Last week, the Thrift Shop of Aspen sent $5,000 to the Red Cross, proceeds from sales of donated clothing and other goods from the store. The Thrift Shop also delivered a load of its best clothing for men, women and children to the Comitis Crisis Center in Aurora, which is coordinating the delivery of in-kind donations to evacuees arriving in Denver. It has also sent donations to the clothing drive sponsored by the Sky Hotel. Employees of the Dallas Fajitas booth at the Labor Day Festival made $400 in tips, donating it all to relief efforts. Other food and beverage workers at the festival chose to donate a portion of their tips. Woody Creek resident Deborah Hutchinson, owner of Aspen Pet Services, recently overnighted 70 pounds of animal medicine along with two boxes of mixed supplies to an animal care center at Louisiana State University. She has collected enough supplies for several more boxes of pet supplies and is coordinating with a friend, who is a pilot, to help reunite animals with their owners and fly people to locations to help with the rescue and care process.
Three Aspen Animal Shelter board members are on their way to Louisiana to round up displaced dogs and cats, which will be brought back to the Roaring Fork Valley.
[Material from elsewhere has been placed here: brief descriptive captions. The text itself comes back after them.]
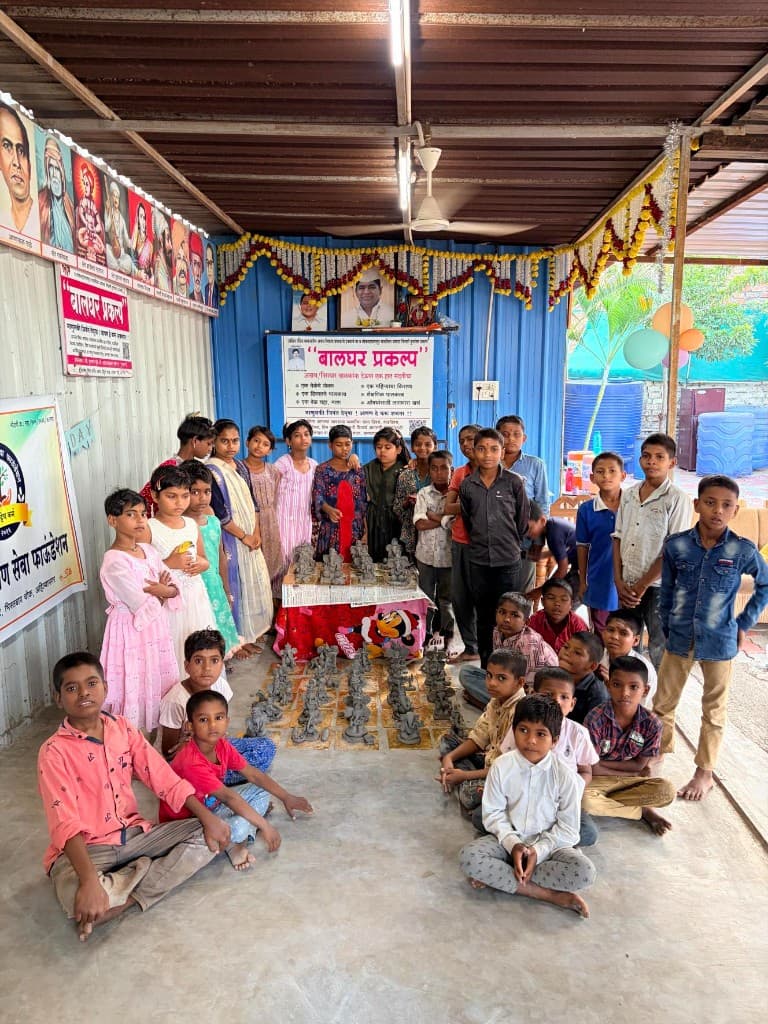 Children of Balghar Prakalp with the Ganpati idols they made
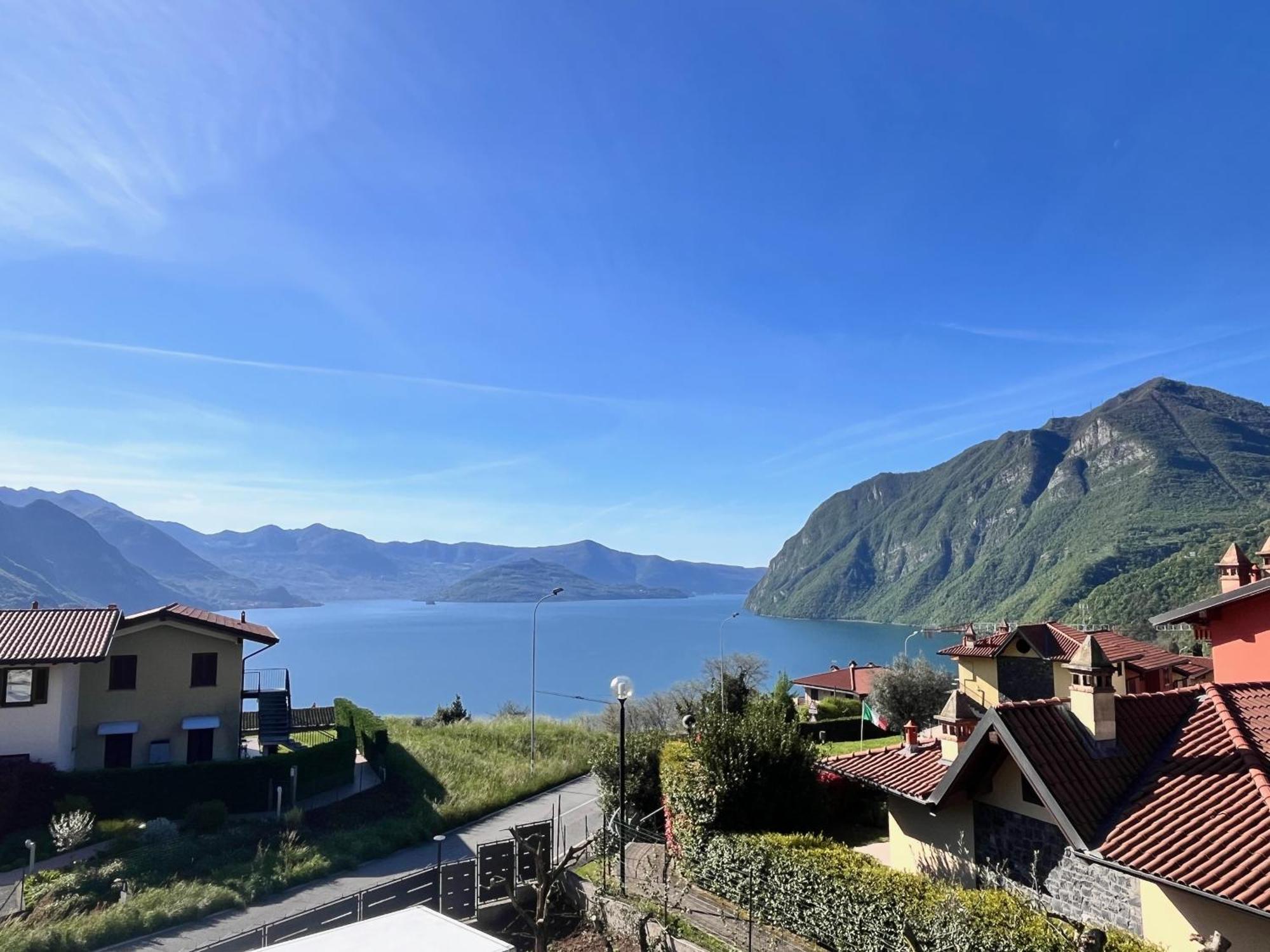 Costa Blu - Terrace Overlooking The Lake & Pool Riva di Solto Bagian luar foto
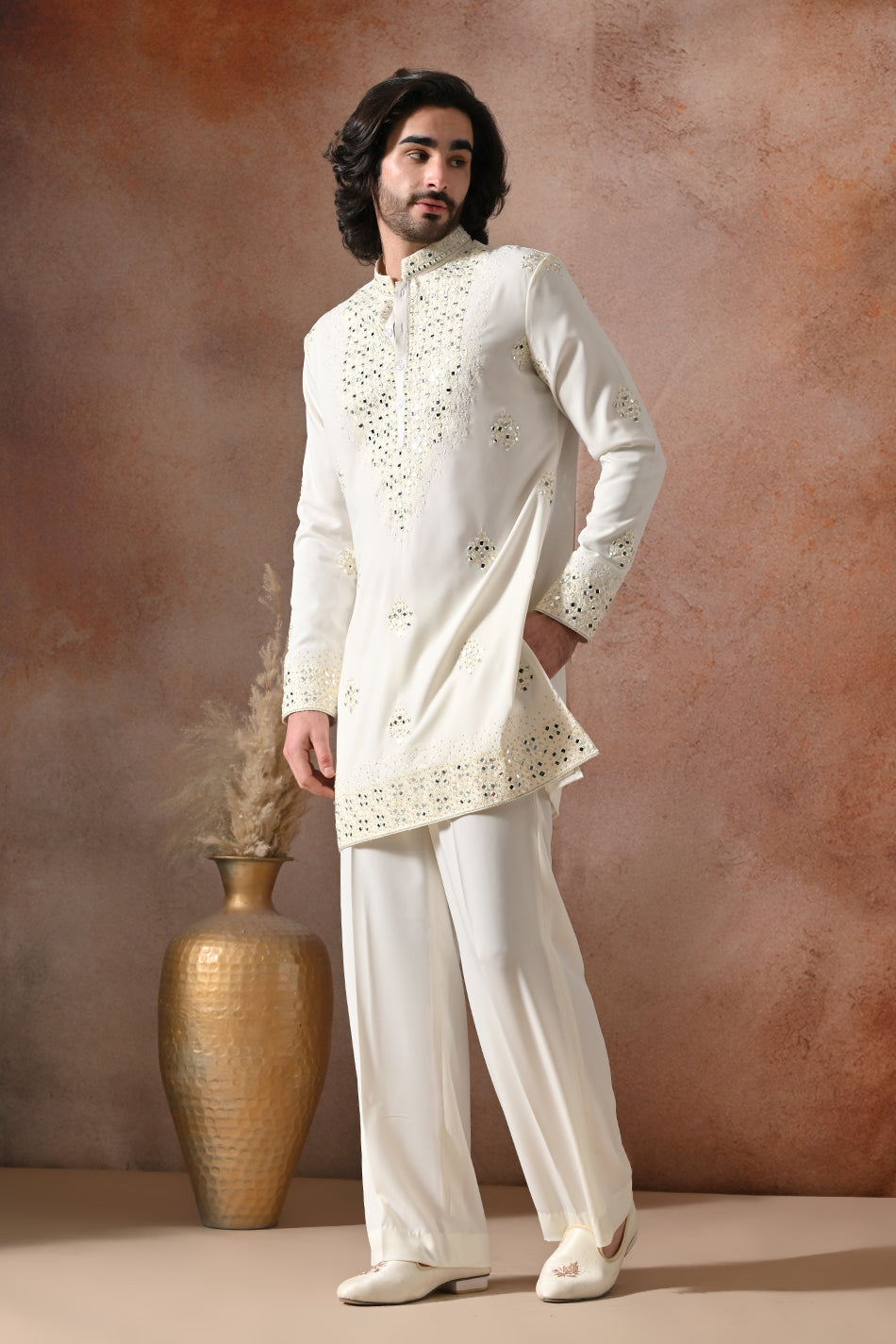 AFSHAAN KURTA SET WITH FLOWY TROUSERS
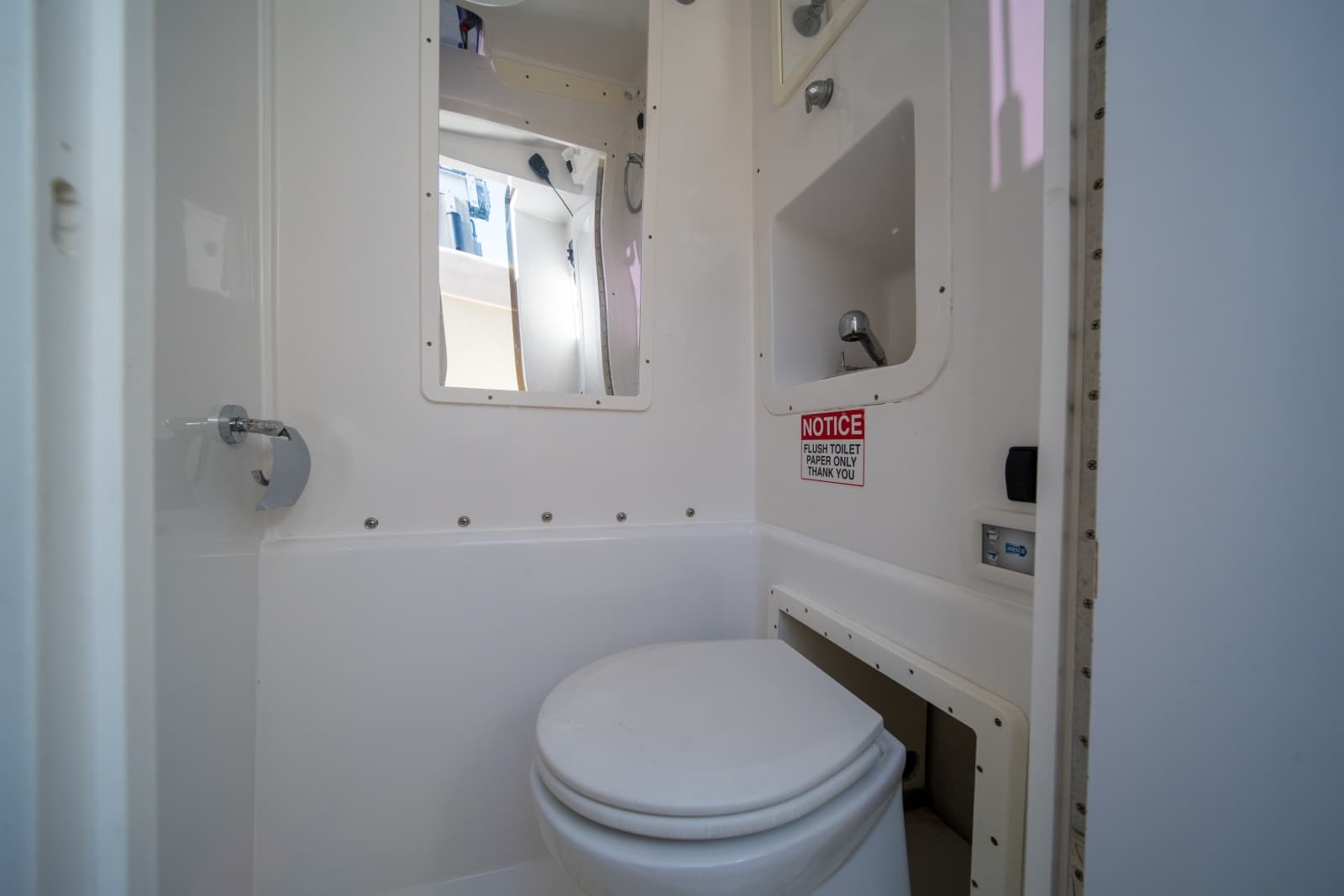 2019 Midnight Express  - Photo 45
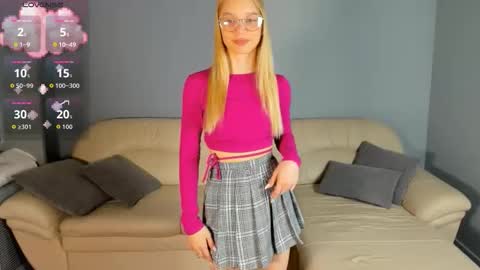 Snapshot of 18kira18 chatting on 5, 11, 2025 Kira online show from 5, 11, 2025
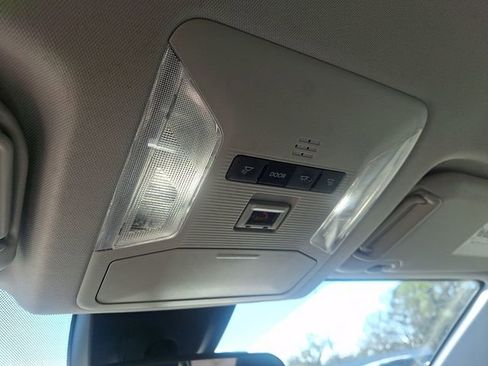 Used 2024 Toyota RAV4 XLE image 28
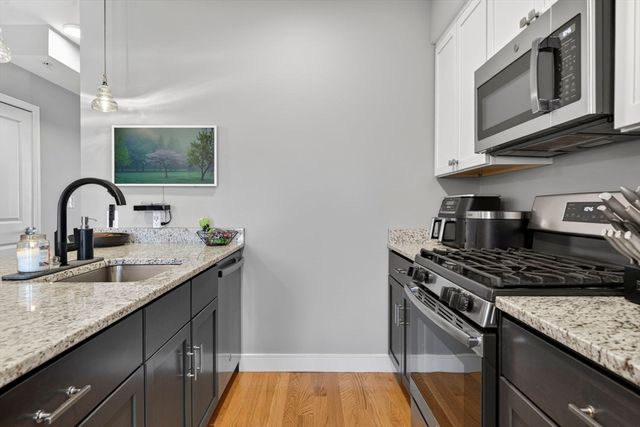78 Boston St 78, Salem, MA 01970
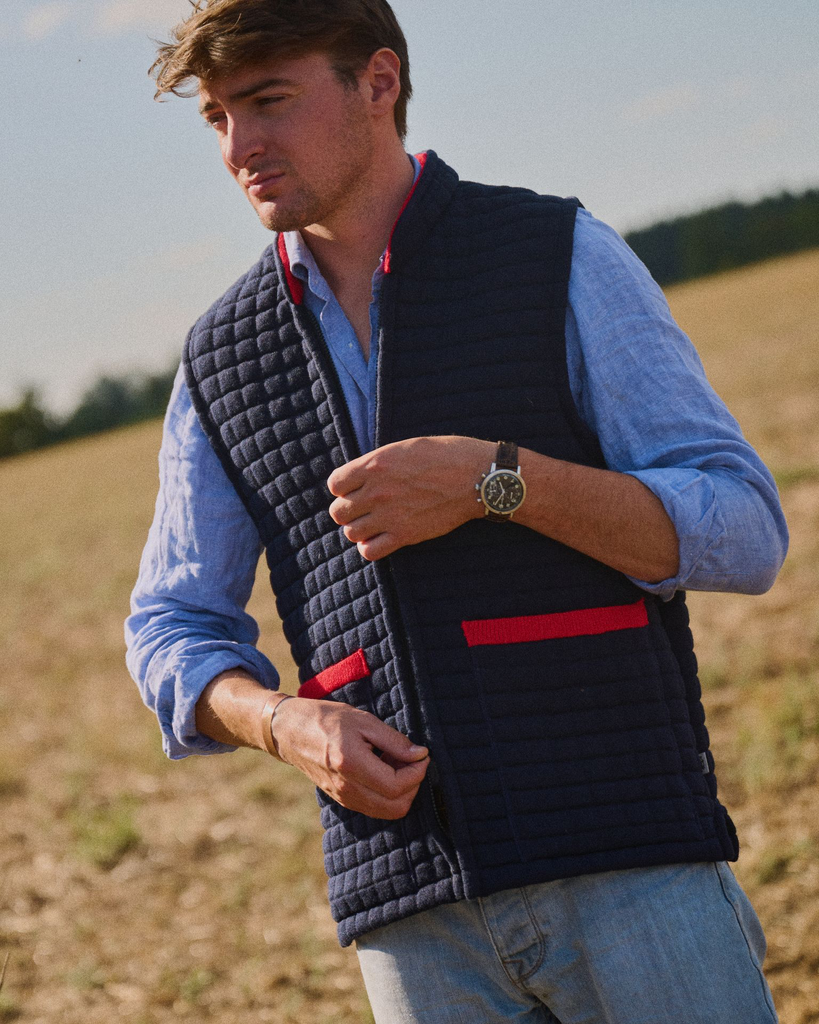 Unisex Gilet Navy & Red - portrait in field (GP1_9046).webp
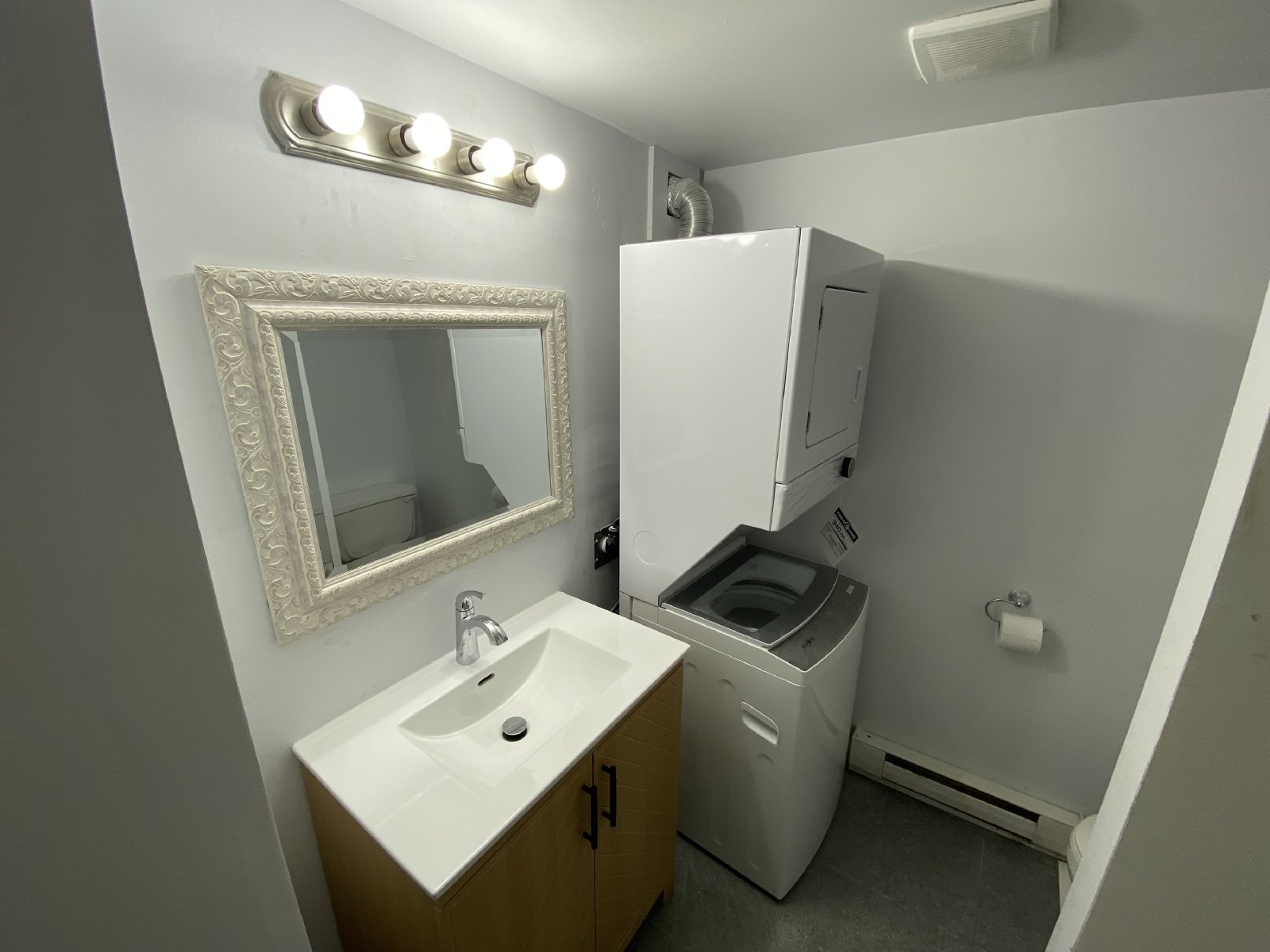 10437 Rue Principale. - 2 property image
Some may be temporarily housed at the shelter, but homes (temporary and permanent) will be sought for the animals. As of late this past week, the Aspen Community Foundation has raised more than $36,000 with its new “Community to Community” program, which targets giving to make sure help gets directly to those in need. A group of 5- and 6-year-old local girls raised about $840 giving away cookies and lemonade in exchange for donations over Labor Day weekend on the Aspen malls. Alpine Bank’s special Red Cross fund matched those earnings, bringing the total to nearly $1,700.